Fürsorge gegen Abenteuer. Bei aller Sympathie für die Fürsorglichkeit der Mütter schlagen sich Experten allerdings klar auf die Seite der Väter. „Lasst doch den Männern ihren Stil“, forderte etwa der Familientherapeut Achim Schad zuletzt im Rahmen des Jako-o-Familienkongresses: „Wenn ihr sie ein bisschen in Ruhe machen lasst, haben sie richtig Spaß daran und die Kinder profitieren sehr.“

Die Vorteile lassen sich sogar ganz konkret benennen. Untersuchungen haben gezeigt, dass Väter und das Vorbild, das sie geben, vor allem für Buben praktisch unersetzlich sind. Jungen, die ein gutes und enges Verhältnis zu ihren Vätern haben, zeichnen sich durch ein besseres Sozialverhalten und ein stärkeres Selbstwertgefühl aus. Sie fügen sich leichter in Gruppen ein und tun sich deshalb auch in der Schule leichter, sind weniger destruktiv und, wie der deutsche Hirnforscher Gerald Hüther betont, auch weniger anfällig für Annäherungsversuche in einem Missbrauchskontext. Eine Untersuchung des amerikanischen Scholastic-Verlags hat jetzt sogar ergeben, dass das Leseverhalten von Buben von einem einzigen Faktor maßgeblich beeinflusst wird: wie viel der Vater liest.

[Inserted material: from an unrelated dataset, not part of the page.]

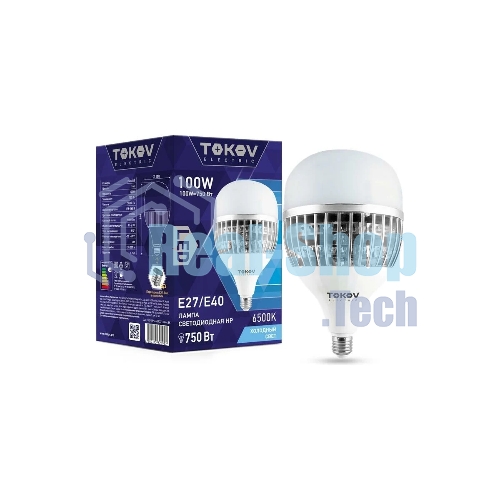 Лампа светодиодная TOKOV ELECTRIC 100Вт HP 6500К E40/Е27 176-264В
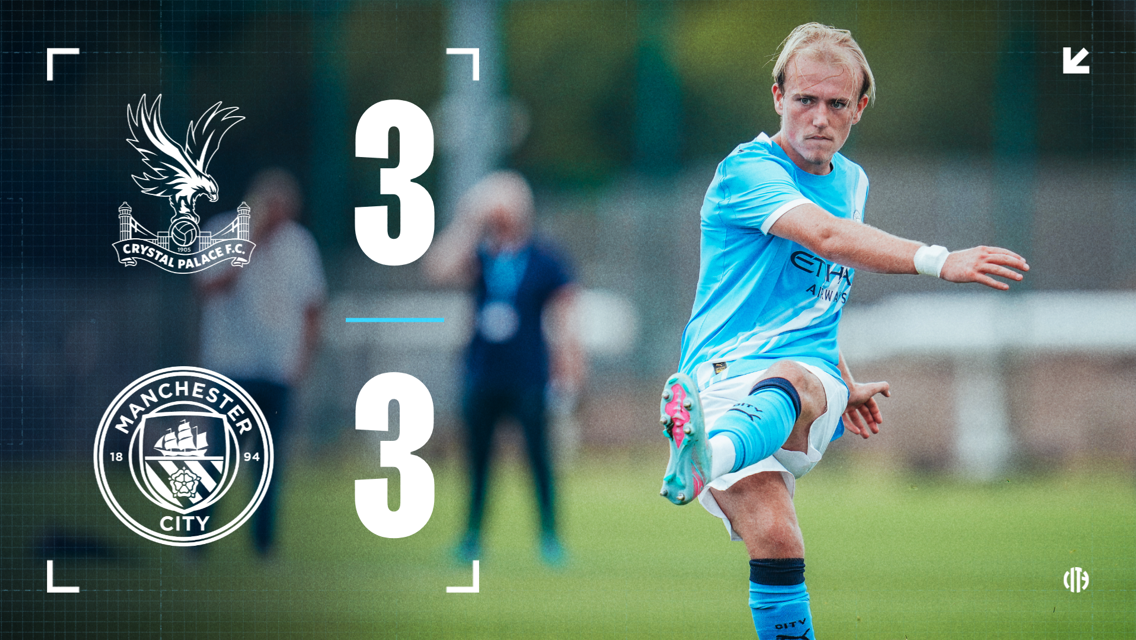 8-minute highlights: Crystal Palace 3-3 City Under-18s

Die Stärken der Väter sind dabei genau das, was viele Mütter als Schwächen empfinden. „Mütter agieren eher fürsorglich, behütend, manchmal übervorsichtig“, erklärte Familienexperte Schad seinen Zuhörern. „In der Erziehung von Vätern haben mehr Aktionen mit einer gewissen Risikobereitschaft Platz.“ Väter sind vielleicht nicht so organisiert wie Mütter und haben nicht immer alle Dinge dabei, die das Baby oder das Kleinkind so brauchen könnte. Aus dieser Sorglosigkeit und Lockerheit entstehen dafür allerdings auch mehr Spielräume, die der Nachwuchs meistens mit Gusto ausnützt. Außerdem genießen viele Kinder jede Abwechslung in der täglichen Routine.
Alles nur ein Klischee? Bleibt die Frage, ob man es hier nicht mit einem Klischee zu tun hat, das sich selbst erfüllt. Selbstverständlich gibt es auch sorglose, eher desorganisierte Mütter und übervorsichtige, perfekt vorbereitete Väter. Hubert Nagele ist allerdings nur einer von vielen Vätern, deren praktische Erfahrungen eher das Vorurteil zu bekräftigen scheinen: „Meine Partnerin ist ebenfalls recht abenteuerlustig. Dennoch bin eher ich es, der für Erkunden, Entdecken, Ausprobieren zuständig ist.“

Laut Achim Schad profitieren aber nicht nur die Kinder von den unterschiedlichen Erziehungsstilen der beiden Elternteile – auch den Frauen kann es Vorteile bringen, sich in Lockerheit zu üben: „Lernt eine Mutter loszulassen, ist es nicht nur eine Entlastung für sie, sondern gleichsam eine Bereicherung für die Vater-Kind-Beziehung.“ Wenn das Kind beide Eltern als gleichwertige Bezugspersonen wahrnehme, verringere sich außerdem die Gefahr, dass das Verhältnis zur Mutter allzu „klebrig“ werde – ein Umstand, der niemandem guttue.

Daher könnten Mütter bei den Vätern auch noch einen Crashkurs in Sachen gesunder Egoismus belegen. Männern gelinge es nämlich viel besser, meint Schad, sich von ihren Kindern abzugrenzen. Und das sei nicht nur für sie von Vorteil – sondern auch für die Kinder.